In this video, Adam Lucek explores the concept of multimodal retrieval augmented generation (RAG) using images instead of just text. The video walks through setting up a multimodal RAG application that allows querying and context over photos using CLIP models and ChromaDB integrations.
First, Adam explains the concept of CLIP (Contrastive Language-Image Pre-training) models, which connect images and text by learning from a variety of internet data. These models create a shared embedding space where similar images and texts are close together, enabling robust zero-shot learning. Although OpenAI’s CLIP model is not publicly available, open-source versions like OpenCLIP are used in this tutorial.
The video then moves on to setting up the environment. Adam chooses the Fashionpedia dataset from Hugging Face, which contains thousands of fashion images. He demonstrates how to load and prepare this dataset, saving a subset of images to a local directory.
Next, Adam sets up the vector database using ChromaDB, which now supports multimodal embeddings.
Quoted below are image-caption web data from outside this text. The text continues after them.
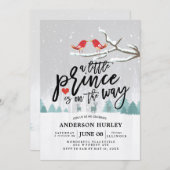 Winter Baby Dusche ein kleiner Prinz ist unterwegs Einladung (Vorne/Hinten)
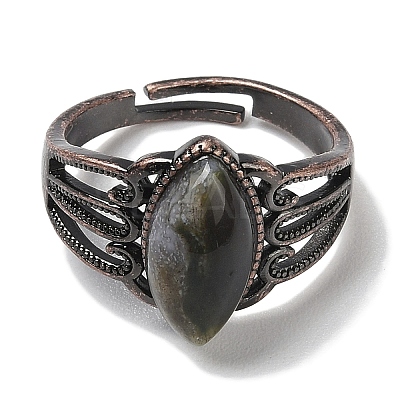 Natural Gemstone Horse Eye Adjustable Rings RJEW-K271-05R-1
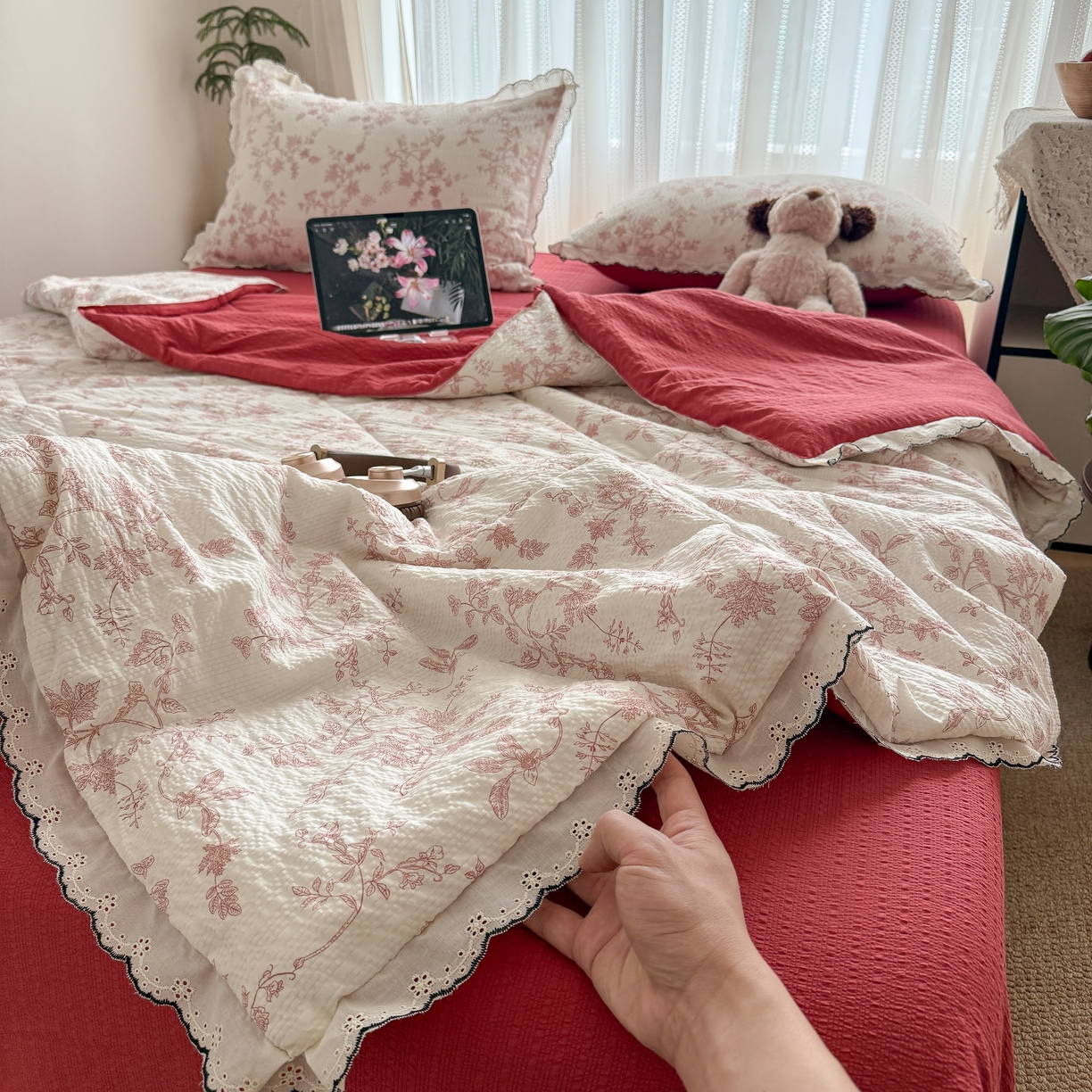 91家纺网 家纺一手货源 找家纺 欧尚 2026新款蕾丝花边夏被款四件套 丽莎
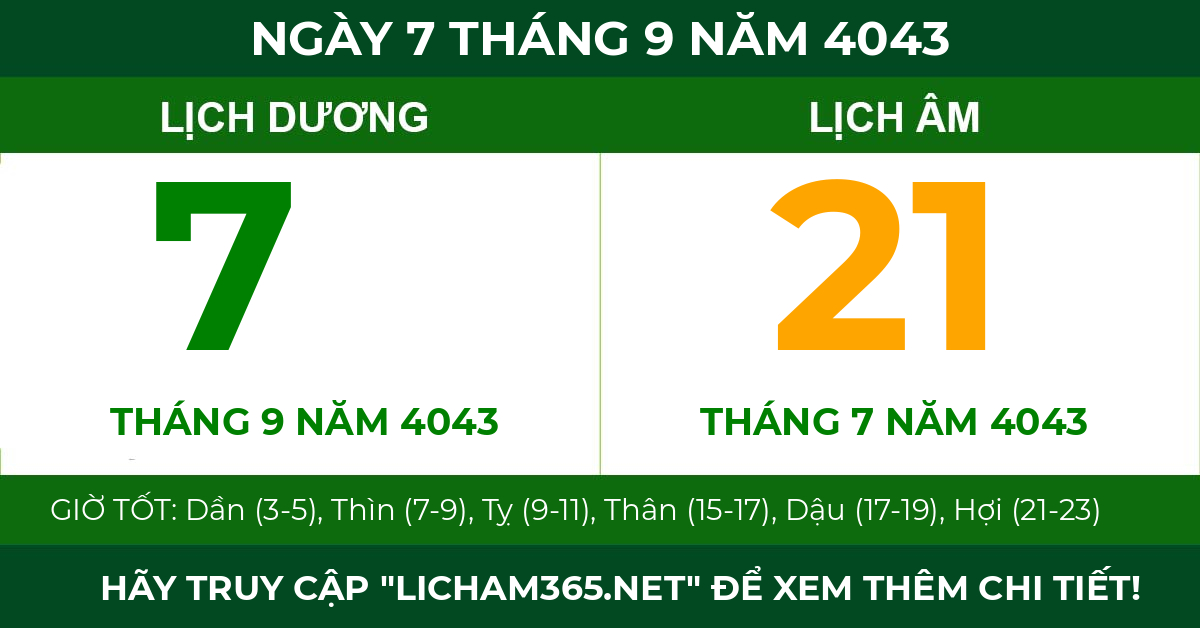lịch âm ngày 7 tháng 9 năm 4043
He shows how to instantiate the ChromaDB client, load images into the database, and query the database using text inputs to retrieve relevant images.
With the retrieval part set up, Adam explains the augmented generation process using GPT-4, a vision-capable language model. He uses LangChain to create a prompt that includes both text and image data. The images are encoded in Base64 format to be processed by the language model.
Finally, Adam puts everything together, demonstrating the complete flow from user query to image retrieval to generating a response using the vision model. He tests the setup with various queries, showing how the system retrieves relevant images and generates detailed responses based on the images and text input.
The video concludes with a fully functioning multimodal RAG setup, showcasing the potential of combining text and image data for more robust AI applications.